__EXERCISE DATA__:

• • • • • • •

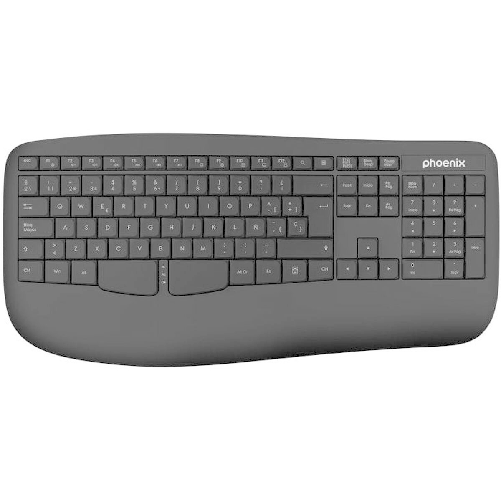Phoenix Tastiera Wireless Phoenix K201 Nero Qwerty in Spagnolo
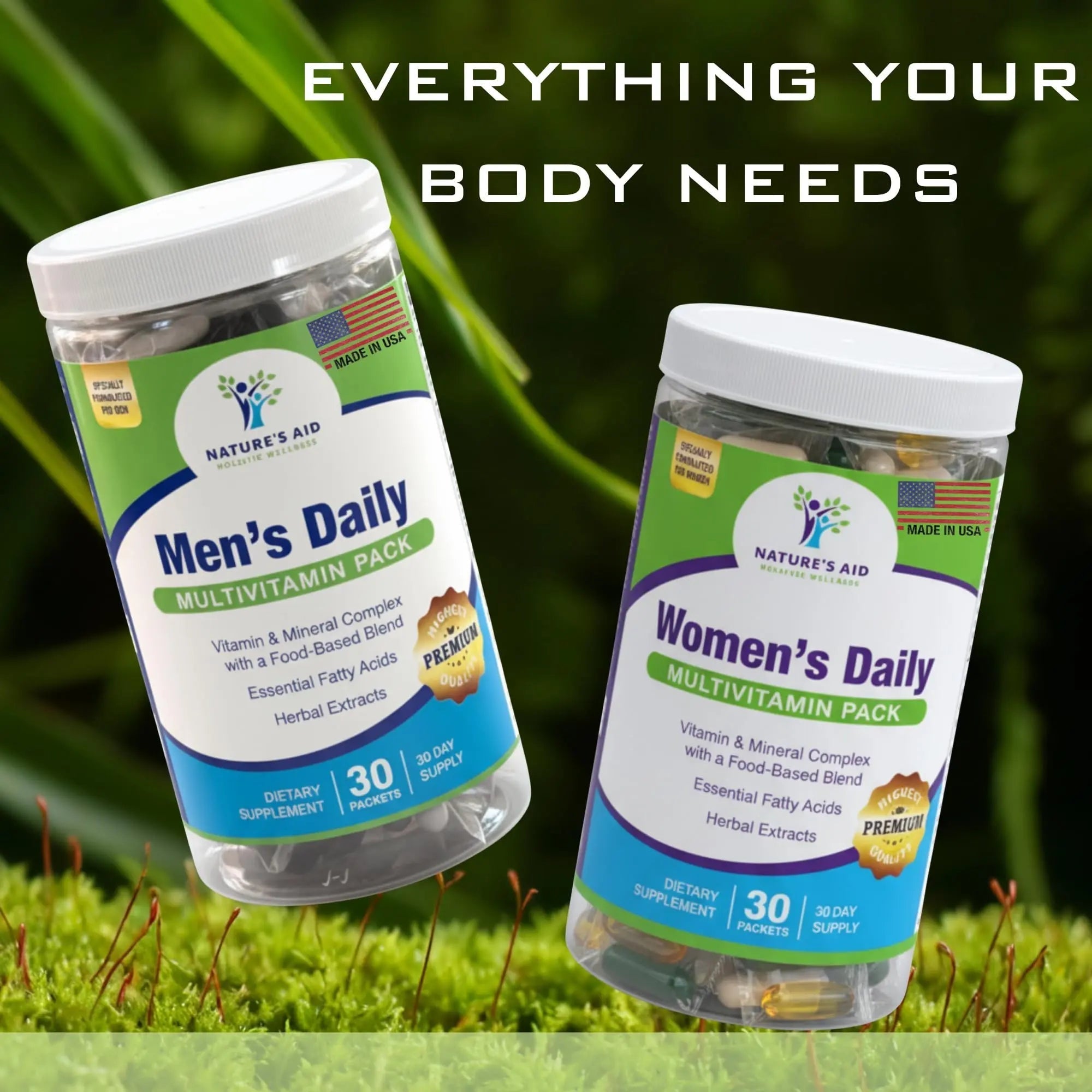 Nature’s Aid Women’s 7-30 Daily Multivitamin Packs for Energy, Focus & Performance Support | Natural Complete Vitamin Nature's Aid Holistic Wellness Au supplements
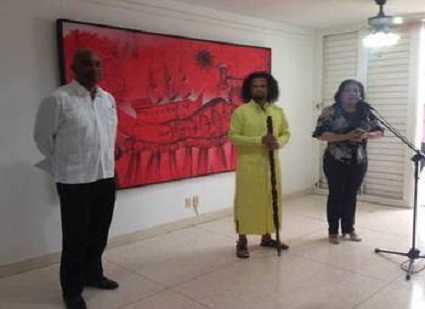 Expo de artista cienfueguero para festejar Día Mundial de la Diversidad Cultural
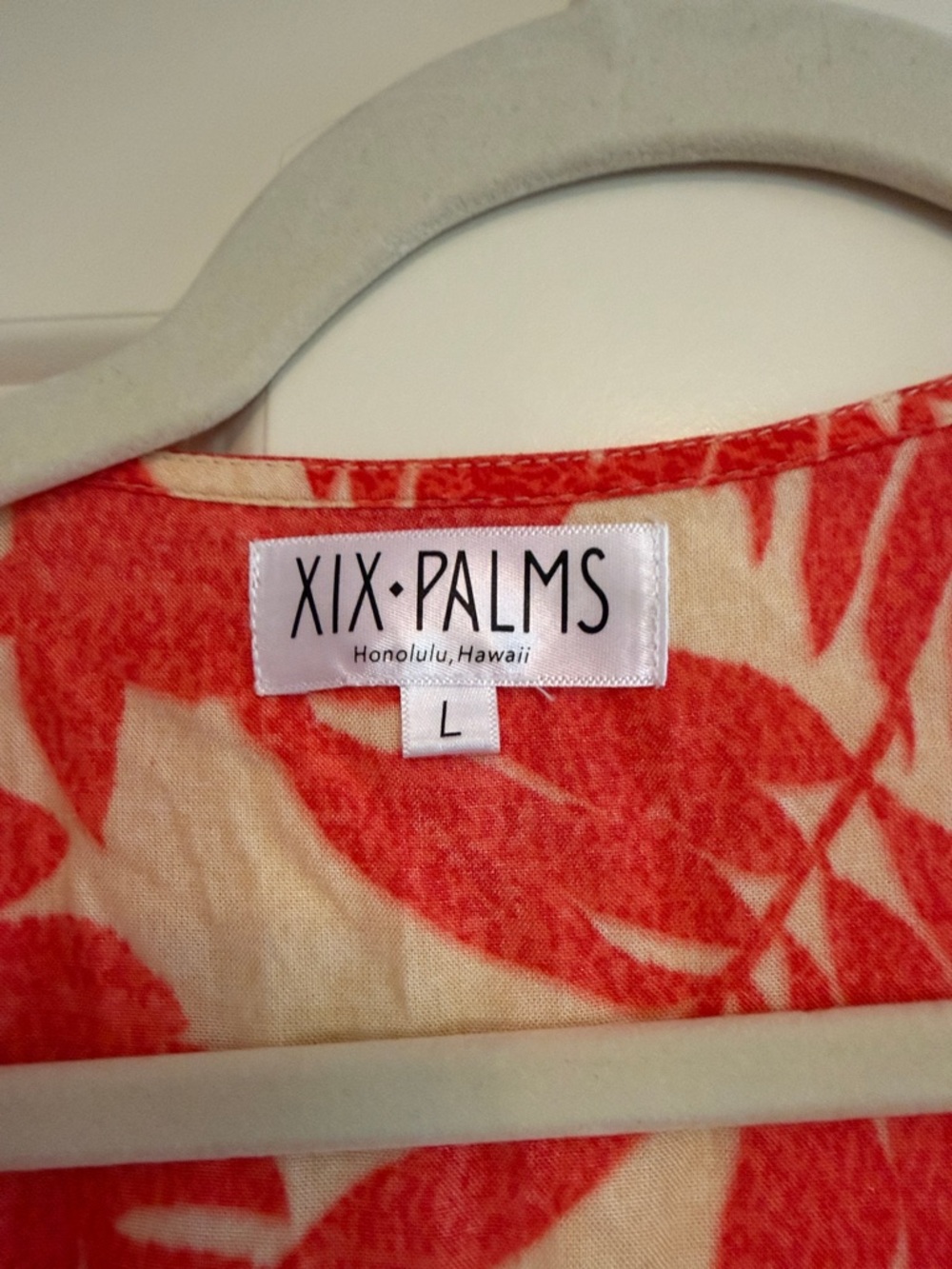 XIX Palms Wrap Maxi Dress in Orange Floral Print - Picture 3 of 5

• • • • • • •

__EXERCISE DESCRIPTION__:
Write out each line of the data exactly; the images should be left out.

__SOLUTION TO THE PROBLEM__:
Phoenix Tastiera Wireless Phoenix K201 Nero Qwerty in Spagnolo
 Nature’s Aid Women’s 7-30 Daily Multivitamin Packs for Energy, Focus & Performance Support | Natural Complete Vitamin Nature's Aid Holistic Wellness Au supplements
 Expo de artista cienfueguero para festejar Día Mundial de la Diversidad Cultural
 XIX Palms Wrap Maxi Dress in Orange Floral Print - Picture 3 of 5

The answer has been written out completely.